A Thurston County Superior Court judge ruled today a proposed ballot measure to enact a city income tax in Olympia is illegal. The Olympia City Council requested an injunction to keep the proposal off the November ballot. Based on the very clear ban in state law on local income taxes, the judge's decision was not a surprise and should help put the brakes on income tax supporters' efforts to "city shop" for a local electorate willing to set up a test case to see if the current state Supreme Court will uphold 80 years of case law banning graduated income taxes.
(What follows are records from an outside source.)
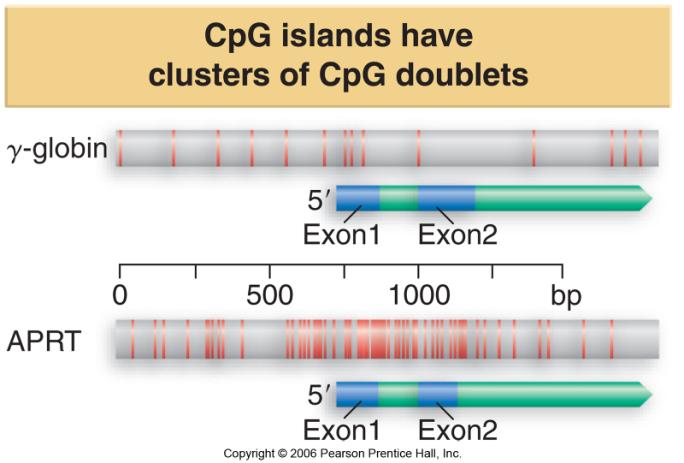 24.13 CpG Islands Are Regulatory Targets A CpG island is a stretch of 1 2 kb in a mammalian genome that is rich in unmethylated CpG doublets.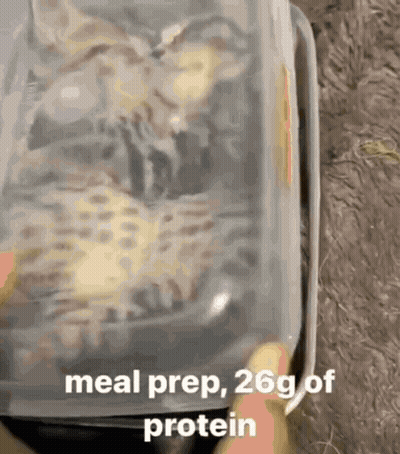 A Person Is Holding A Plastic Container Of Food With The Words Meal Prep 26G Of Protein Written On It . GIF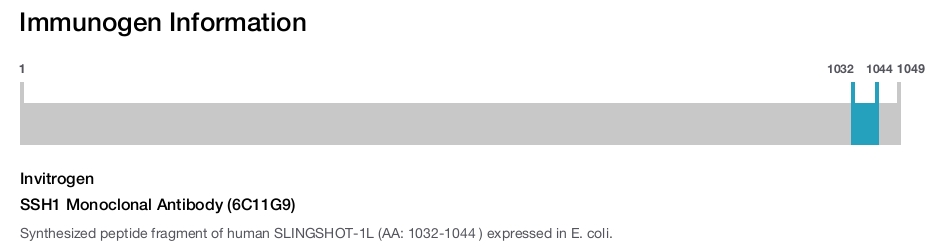 SSH1 Monoclonal Antibody (6C11G9)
The city shopping attempt to force a test case is no surprise given the consistent and overwhelming failure to impose an income tax at the state level. In fact, the last nine times voters have been asked to adopt an income tax they have resoundingly said no:
- 1934 – HJR 12: Yes 43%; No 57%
- 1936 – SJR 7: Yes 22%; No 78%
- 1938 – SJR 5: Yes 33%; No 67%
- 1942 – Constitutional Amendment: Yes 34%; No 66%
- 1944 – I-158: Yes 30%; No 70%
- 1973 – HJR 37: Yes 23%; No 77%
- 1975 – I-314: Yes 33%; No 67%
- 1982 – I-435: Yes 34%; No 66%
- 2010 – I-1098: Yes 36%; No 64%
Interestingly, three of those rejected income tax proposals were dedicated to education spending (2010 - 64% no; 1975 - 67% no; and 1973 - 77% no). Two sales tax increase proposals earmarked for education have also been rejected by voters (2004 - 60% no; and 1989 - 66% no).
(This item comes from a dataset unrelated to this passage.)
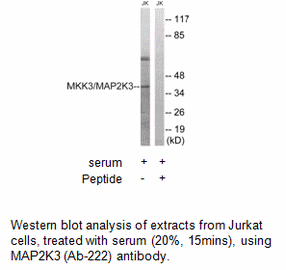 Product image for MAP2K3 (Ab-222) Antibody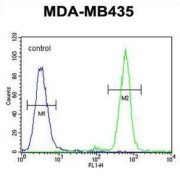 TAPT1 Antibody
Numerous state Supreme Court rulings since 1930 have interpreted Article 7, Sections 1 and 2 of the state's constitution to require taxation of property, including income, to be uniform and limited to 1%. While there is no ban on enactment of a uniform income tax limited to 1%, under eight decades of legal precedents, a graduated or targeted income tax in Washington is unconstitutional.
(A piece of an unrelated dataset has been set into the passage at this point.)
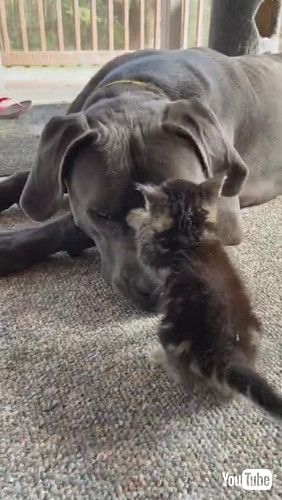 「Large Dog Shows Love to Tiny Kitten || ViralHog」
While the state Department of Revenue (DOR) says that description of Washington's income tax ban is accurate, it provided this qualifier in an email:
"Revenue as an agency doesn't take a position on whether the current court would follow the old precedents and hold a graduated or targeted income tax unconstitutional."
This is why there has been an ongoing effort by income tax supporters to find a test case. With today's ruling in Thurston County striking the Olympia income tax proposal from the ballot, those efforts will probably focus again back at the state level (most likely with proposals for a capital gains income tax).
Unless we want to leave the state's income tax ban up to a mere five votes on the state Supreme Court in hopes they'll follow eight decades of precedent, Washingtonians should encourage lawmakers to let the people act on a constitutional amendment making the state's ban on income taxes crystal clear and immune from judicial tinkering.